I don't know whether the British Museum has only recently started having concerts, or whether I just never paid attention before, but I was back there last night to hear a performance on the guqin, or Chinese zither, by the world-renowned player Li Xiangting. The guqin, like the rubab, was an instrument I'd heard played but never seen. Unfortunately, photography wasn't permitted during the concert. I wish I could show you the varied techniques that a guqin player uses, sometimes seeming to strike the strings like piano keys, sometimes strumming and sliding.
Before he began playing, Mr Li gave a brief talk (in Chinese, with the presenter translating) about the guqin's traditional relationship with painting and calligraphy. Later on we got to see this relationship in action. The artist Guo Le (who turned out to have been sitting next to me in the audience) joined Mr Li on stage. The presenter announced that Mr Guo would create a painting based on a theme chosen by the audience, while Mr Li improvised a tune on the guqin and xiao (bamboo flute). The subject we eventually chose was a Shih Tzu dog. This caused some difficulty at first, as neither musician, painter nor presenter had heard of the breed before. Fortunately, the production assistant found a picture online and projected it onto the overhead screen. Mr Guo produced a very characterful picture of the dog, while Mr Li came up with suitably bouncy accompanying music.

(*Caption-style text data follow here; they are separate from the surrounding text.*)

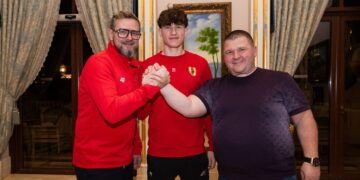 Konrad Ciszek na dłużej w Koronie Kielce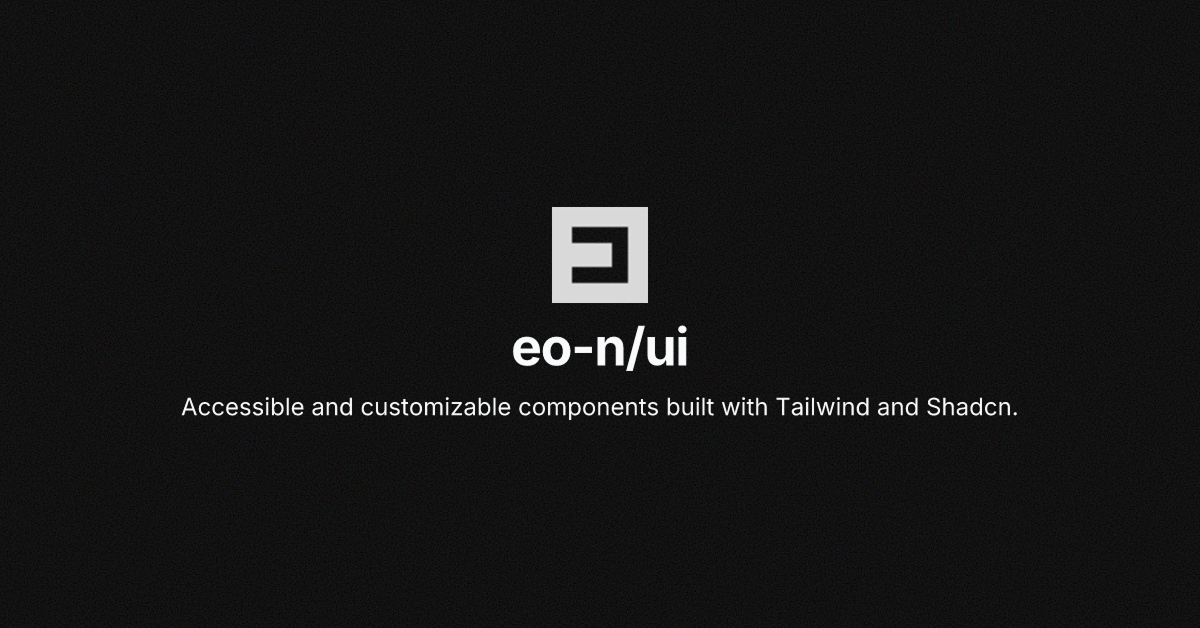 EO-N/UI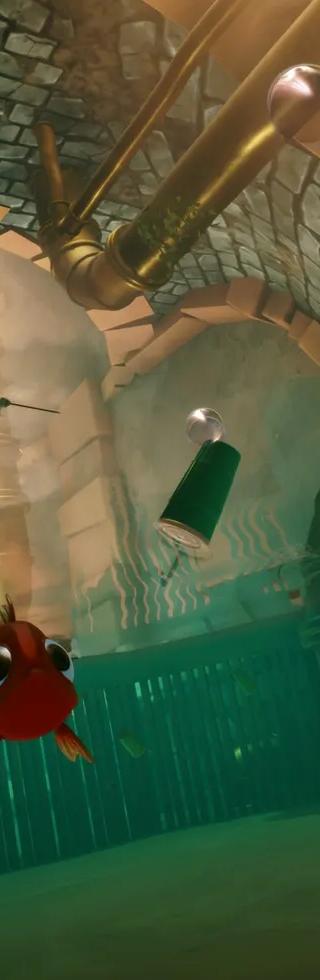 I Am Fish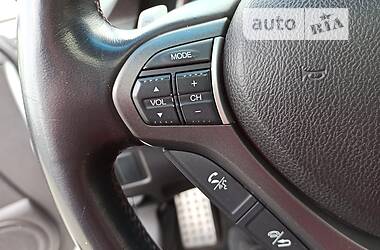 Седан Acura TSX 2012 в 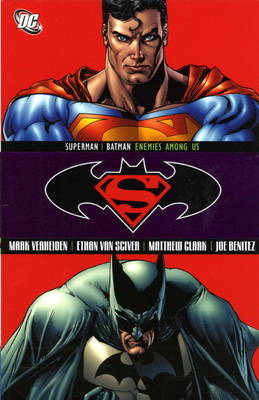 Superman/Batman by Mark Verheiden image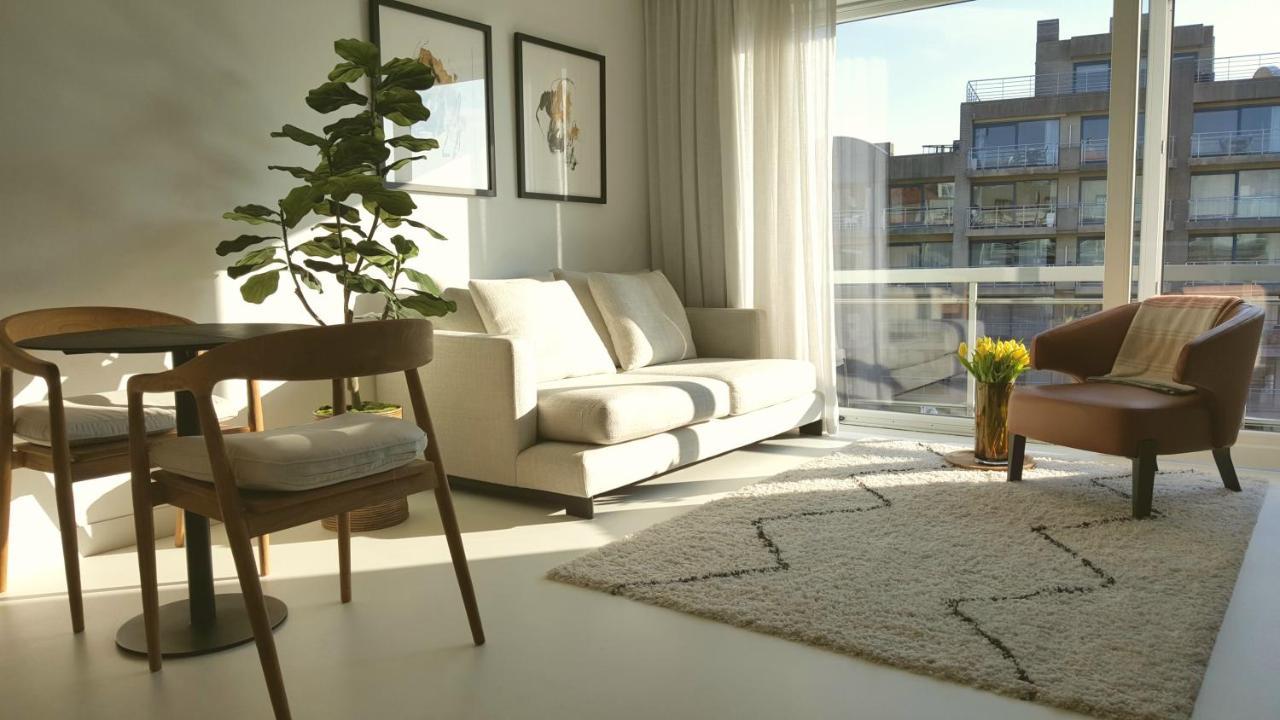 Studio Havenzicht 0407 Nieuwpoort Exteriör bild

Most of the rest of the programme consisted of traditional music. I particularly liked Yi Guren ("Remembering an Old Friend"), a wistful composition from the early 19th century, and Jiu Kuang ("Wine Drunkenness"), a convincingly tipsy-sounding piece from the 15th century. There was also a contemporary composition, Jieshi ("Secluded Orchid in Jieshi Mode"), which the composer Raymond Yiu had based on the oldest surviving guqin tablature, from the sixth century. For this performance Mr Li was joined by members of the English Chamber Orchestra, who made modernist noises behind him while he played a conventional-sounding melody.
The only distraction from the music was a couple of mice who ran back and forth in front of the stage. The Gayer-Anderson Cat would not be pleased!